• **EXERCISE INSTRUCTIONS**
Return, word for word, only the lines of the data below that lie between the line with "Elyse Mineral Washed" and the line with "Synthetic Green Goldstone", those two lines included.

• **SOURCE INFORMATION**
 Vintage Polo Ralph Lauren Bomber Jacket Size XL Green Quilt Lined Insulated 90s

* * *

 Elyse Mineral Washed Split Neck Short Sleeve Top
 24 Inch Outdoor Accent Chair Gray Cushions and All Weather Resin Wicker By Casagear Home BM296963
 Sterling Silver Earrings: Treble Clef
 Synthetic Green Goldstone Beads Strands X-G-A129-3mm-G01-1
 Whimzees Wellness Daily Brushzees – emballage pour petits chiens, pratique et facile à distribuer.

• **RESULT FOR THIS EXERCISE**
 Elyse Mineral Washed Split Neck Short Sleeve Top
 24 Inch Outdoor Accent Chair Gray Cushions and All Weather Resin Wicker By Casagear Home BM296963
 Sterling Silver Earrings: Treble Clef
 Synthetic Green Goldstone Beads Strands X-G-A129-3mm-G01-1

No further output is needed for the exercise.